In this lesson, we will learn completely about MapReduce Shuffling and Sorting. Here we will offer you a detailed description of the Hadoop Shuffling and Sorting phase. Initially, we will discuss what is MapReduce Shuffling, next with MapReduce Sorting, then we will discuss MapReduce the secondary sorting phase in detail.
What is MapReduce Shuffling and Sorting?
Shuffling is the process by which it transfers the mapper’s intermediate output to the reducer. Reducer gets one or more keys and associated values based on reducers. The intermediated key – value generated by the mapper is sorted automatically by key. In Sort phase merging and sorting of the map, the output takes place.
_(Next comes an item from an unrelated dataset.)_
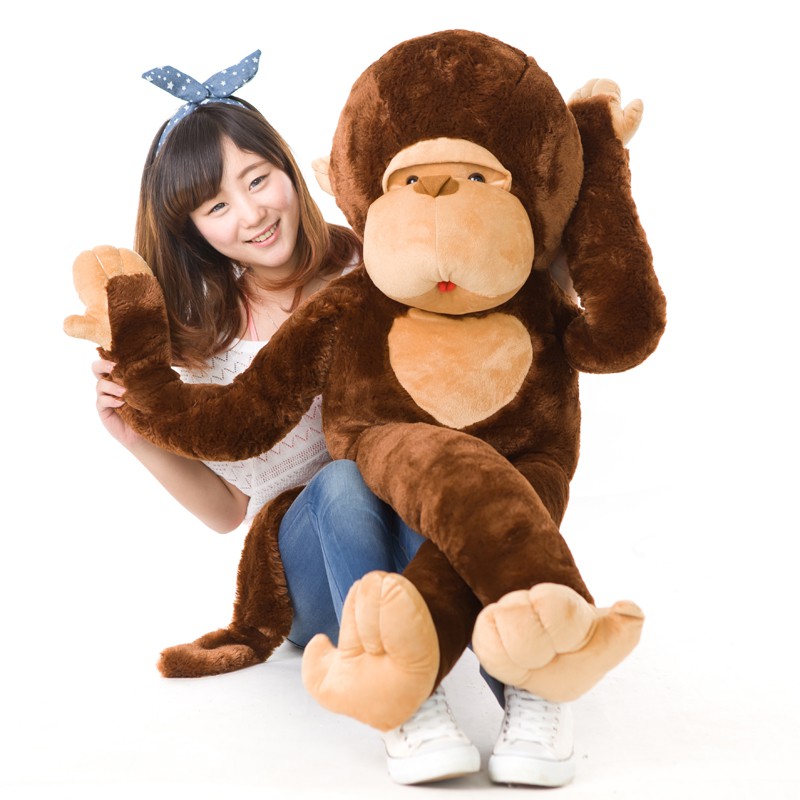 giant monkey soft toy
Shuffling and Sorting in Hadoop occur simultaneously.
Shuffling in MapReduce
The process of moving data from the mappers to reducers is shuffling. Shuffling is also the process by which the system performs the sort. Then it moves the map output to the reducer as input. This is the reason the shuffle phase is required for the reducers. Else, they would not have any input (or input from every mapper). Meanwhile, shuffling can begin even before the map phase has finished. Therefore this saves some time and completes the tasks in lesser time.
Sorting in MapReduce
MapReduce Framework automatically sorts the keys generated by the mapper. Therefore, before starting of reducer, all intermediate key-value pairs get sorted by key and not by value. It does not sort values transferred to each reducer. They can be in any order.
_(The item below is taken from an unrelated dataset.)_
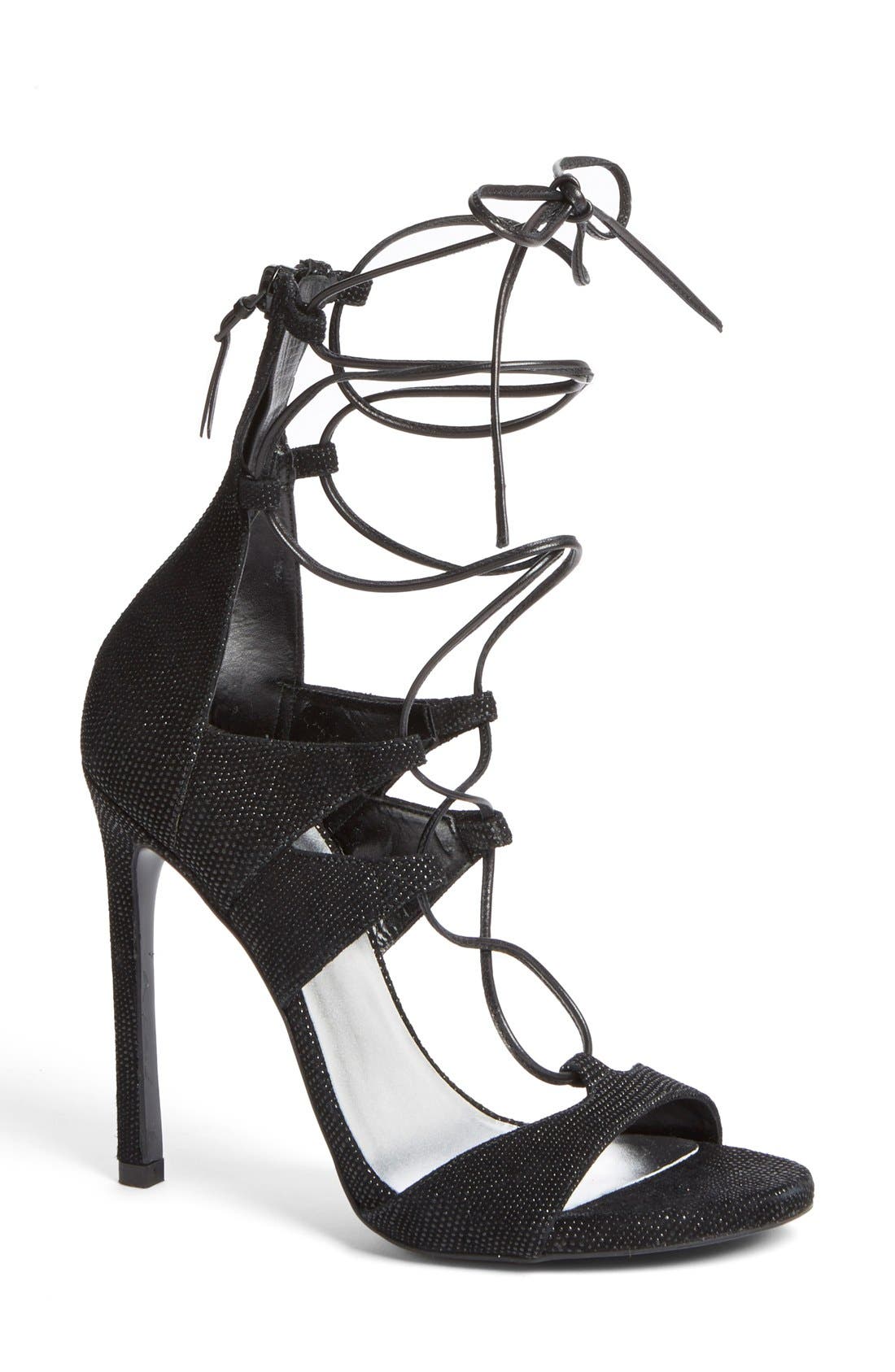 Stuart Weitzman Leg Wrap High Dress Sandal, Main, color,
Sorting in a MapReduce job helps reducer to easily differentiate when a new reduce task should start. This saves time for the reducer. Reducer in MapReduce begins a new reduce task when the next key in the sorted input data is different from the earlier. Each reduce task takes key-value pairs as input and creates a key-value pair as output.
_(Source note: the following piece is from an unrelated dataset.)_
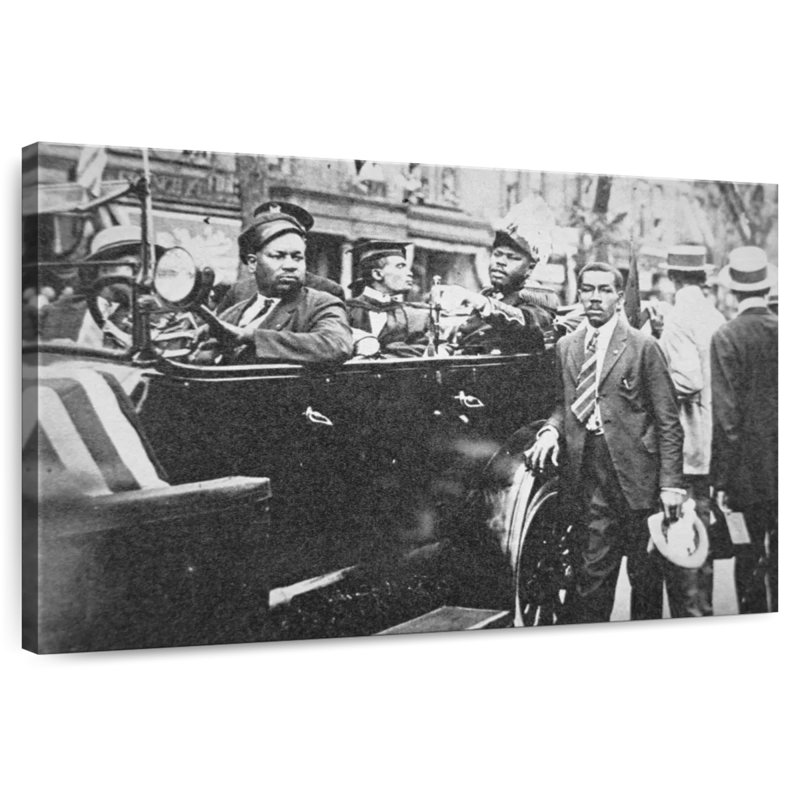 Marcus Garvey, 26" H x 39" W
The crucial thing to note is that shuffling and sorting in Hadoop MapReduce is will not take place at all if you specify zero reducers (setNumReduceTasks(0)). If the reducer is zero, then the MapReduce job stops at the map phase. And the map phase does not comprise any kind of sorting (even the map phase is faster).
Secondary Sorting in MapReduce
If we need to sort reducer values, then we use a secondary sorting technique. This technique allows us to sort the values (in ascending or descending order) transferred to each reducer.
In conclusion, MapReduce Shuffling and Sorting takes place simultaneously to summarize the Mapper intermediate output. Hadoop Shuffling-Sorting will not occur if you state zero reducers (setNumReduceTasks (0)). The framework sorts all intermediate key-value pairs by key, not by value. It uses secondary sorting for sorting by value.